Personal and academic blog. Explores the borderlands between rhetoric, politics and intelligence.

7.1.05

Intelligence and the free market

Today NY Times writes about the new CIA report that places a lot of blame in the upper echelons of the organisation, at George Tenet among others, for not predicting that terrorism would be the next great thing to watch.

In other words, the problem could be found in the stage of the intelligence cycle that can be described as the 'tasking'. But this is an inherent problem in intelligence. Who will be the next big threat? It is in the nature of things that we can't see a thing as long as it is still under the 'threat-horizon'.

That did remind me of Admiral John Poindexter's botched suggestion for a 'terror stock market'. He proposed that intelligence services could rein and use the free market's predictive powers in order to anticipate new threats. This should be done on a virtual threat-market where people could bet on likely future security-related events.

The idea created an outrage and Poindexter resigned.

But was it so bad? Couldn't CIA have hoped for a more precise picture of threats to be had they had that market to watch. Michael Schrage has written an interesting piece in the NY Times to defend the idea.

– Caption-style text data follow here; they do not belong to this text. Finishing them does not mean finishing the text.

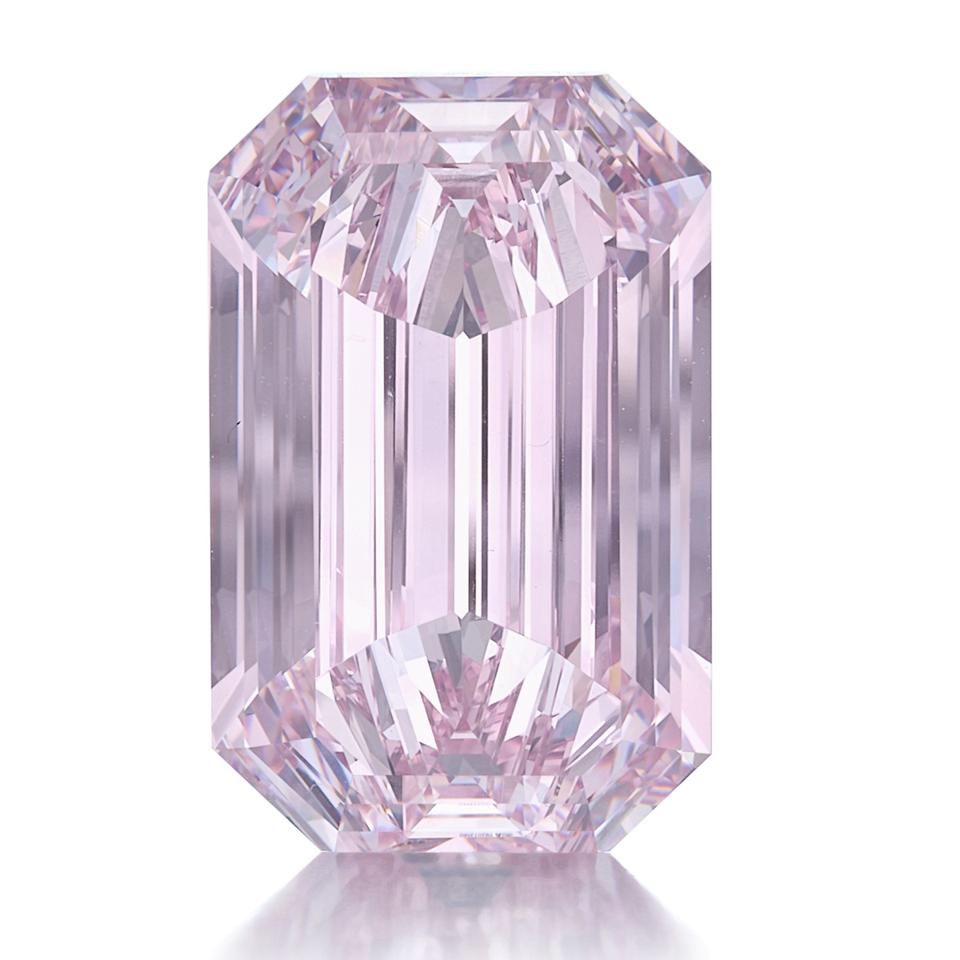 A seven-carat fancy intense purplish pink diamond ring, at Sotheby's. Estimate: $3.25-$4.25 million.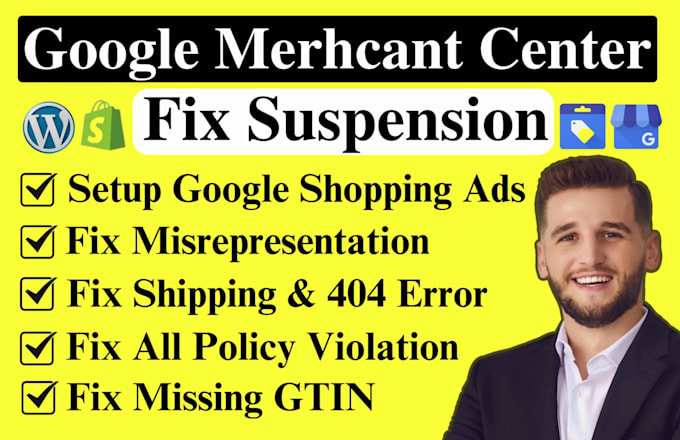 fix google merchant center suspension and run shopping ads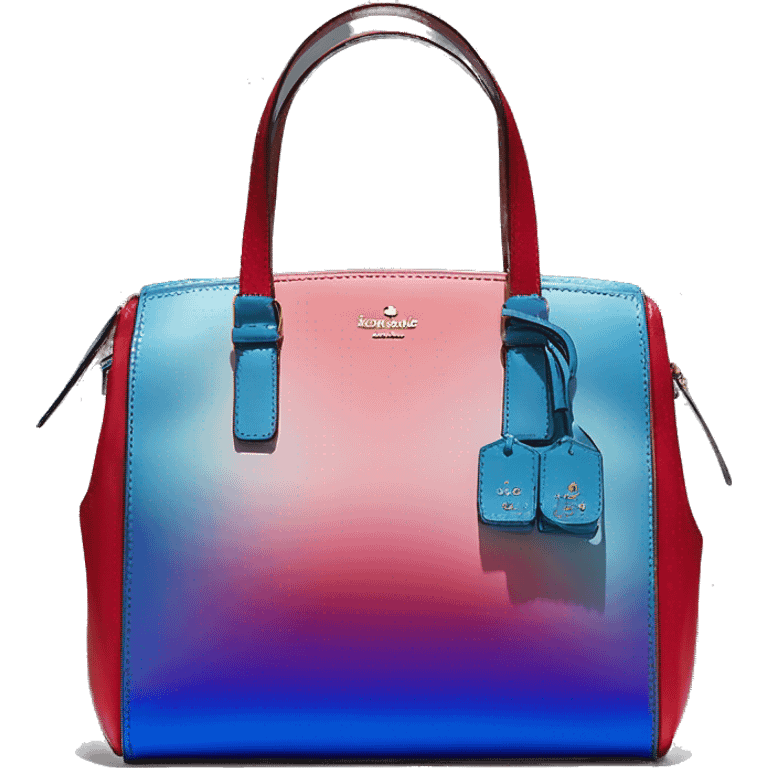 Realistic isolated iridescent red to blue color shift ombre kate spade satchel purse.  emoji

From a rhetorical angle it is also quite interesting. The dichotomy between inside/outside is at play here. The American public won't have a trader in Dubai betting on assassinations of American politicians - whereas the abolition of the presidential ban on foreign assassinations wasn't really noticed in the mainstream (the spectacular attack - a hellfire-equipped Predator Drone that destroyed a car-full of people in Yemen was, however). This in turn is a rhetorical refutation of the realist claim that domestic politics can't permeate the hard shell of the state and influence international politics.